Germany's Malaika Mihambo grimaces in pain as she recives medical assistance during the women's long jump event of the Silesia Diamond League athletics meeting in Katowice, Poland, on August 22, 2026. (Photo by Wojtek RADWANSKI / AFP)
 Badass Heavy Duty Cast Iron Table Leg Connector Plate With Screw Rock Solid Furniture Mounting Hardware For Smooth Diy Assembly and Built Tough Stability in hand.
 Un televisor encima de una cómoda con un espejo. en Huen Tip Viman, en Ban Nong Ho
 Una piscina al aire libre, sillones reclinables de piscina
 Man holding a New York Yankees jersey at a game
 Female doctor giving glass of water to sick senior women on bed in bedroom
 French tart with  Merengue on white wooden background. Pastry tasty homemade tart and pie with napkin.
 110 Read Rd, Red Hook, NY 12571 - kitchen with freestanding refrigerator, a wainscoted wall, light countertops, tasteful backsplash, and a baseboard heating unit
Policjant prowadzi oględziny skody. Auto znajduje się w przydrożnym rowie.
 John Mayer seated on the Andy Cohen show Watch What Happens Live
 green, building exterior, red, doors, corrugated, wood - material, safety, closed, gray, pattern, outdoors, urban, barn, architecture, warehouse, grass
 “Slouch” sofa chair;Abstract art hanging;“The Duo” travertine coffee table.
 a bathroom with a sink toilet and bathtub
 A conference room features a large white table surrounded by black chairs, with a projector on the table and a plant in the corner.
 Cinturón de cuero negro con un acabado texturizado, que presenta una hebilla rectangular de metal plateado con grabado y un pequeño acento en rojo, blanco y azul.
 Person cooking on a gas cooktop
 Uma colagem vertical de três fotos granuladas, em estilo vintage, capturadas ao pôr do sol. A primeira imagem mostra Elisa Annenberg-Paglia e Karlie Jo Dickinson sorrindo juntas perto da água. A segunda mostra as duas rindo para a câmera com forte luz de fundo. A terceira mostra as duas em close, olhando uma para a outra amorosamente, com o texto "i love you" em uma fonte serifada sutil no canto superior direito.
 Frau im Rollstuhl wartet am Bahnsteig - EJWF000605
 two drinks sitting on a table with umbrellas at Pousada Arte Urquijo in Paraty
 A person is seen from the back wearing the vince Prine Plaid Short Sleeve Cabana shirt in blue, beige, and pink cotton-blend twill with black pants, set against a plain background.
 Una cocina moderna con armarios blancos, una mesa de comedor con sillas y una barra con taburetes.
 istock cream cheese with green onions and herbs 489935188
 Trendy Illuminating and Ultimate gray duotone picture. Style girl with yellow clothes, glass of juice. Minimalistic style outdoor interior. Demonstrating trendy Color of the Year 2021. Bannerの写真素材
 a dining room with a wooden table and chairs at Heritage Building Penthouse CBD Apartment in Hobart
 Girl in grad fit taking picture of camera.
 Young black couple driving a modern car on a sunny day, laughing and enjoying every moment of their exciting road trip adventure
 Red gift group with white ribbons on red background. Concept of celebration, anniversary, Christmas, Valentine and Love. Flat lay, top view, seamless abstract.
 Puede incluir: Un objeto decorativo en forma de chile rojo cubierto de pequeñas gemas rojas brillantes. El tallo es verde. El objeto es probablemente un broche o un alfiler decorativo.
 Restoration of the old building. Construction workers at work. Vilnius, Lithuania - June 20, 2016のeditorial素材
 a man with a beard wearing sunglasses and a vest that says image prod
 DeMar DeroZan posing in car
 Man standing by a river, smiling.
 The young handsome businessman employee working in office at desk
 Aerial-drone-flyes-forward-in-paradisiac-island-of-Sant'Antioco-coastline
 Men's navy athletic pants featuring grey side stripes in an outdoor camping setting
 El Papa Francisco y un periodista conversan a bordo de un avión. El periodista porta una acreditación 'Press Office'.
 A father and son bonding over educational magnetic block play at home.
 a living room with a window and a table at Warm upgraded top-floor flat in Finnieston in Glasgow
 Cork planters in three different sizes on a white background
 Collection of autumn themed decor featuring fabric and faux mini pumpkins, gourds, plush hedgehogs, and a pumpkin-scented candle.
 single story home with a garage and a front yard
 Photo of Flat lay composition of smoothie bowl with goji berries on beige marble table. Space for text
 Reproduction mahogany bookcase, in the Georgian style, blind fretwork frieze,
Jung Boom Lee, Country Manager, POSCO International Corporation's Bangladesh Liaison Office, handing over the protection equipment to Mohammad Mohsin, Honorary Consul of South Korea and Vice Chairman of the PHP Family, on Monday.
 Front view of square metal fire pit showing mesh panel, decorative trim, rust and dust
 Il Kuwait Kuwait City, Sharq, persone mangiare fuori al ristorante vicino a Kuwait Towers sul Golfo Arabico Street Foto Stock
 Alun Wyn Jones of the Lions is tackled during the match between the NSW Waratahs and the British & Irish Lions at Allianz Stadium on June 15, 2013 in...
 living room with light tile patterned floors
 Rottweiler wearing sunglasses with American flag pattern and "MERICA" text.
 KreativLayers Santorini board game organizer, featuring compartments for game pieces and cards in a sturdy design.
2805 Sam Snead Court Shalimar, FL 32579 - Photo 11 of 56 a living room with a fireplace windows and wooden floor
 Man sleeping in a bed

### WHAT THIS TASK INVOLVES:
In the listing above, find the lines holding the word "green" and copy them.

### THE ANSWER:
 green, building exterior, red, doors, corrugated, wood - material, safety, closed, gray, pattern, outdoors, urban, barn, architecture, warehouse, grass
 istock cream cheese with green onions and herbs 489935188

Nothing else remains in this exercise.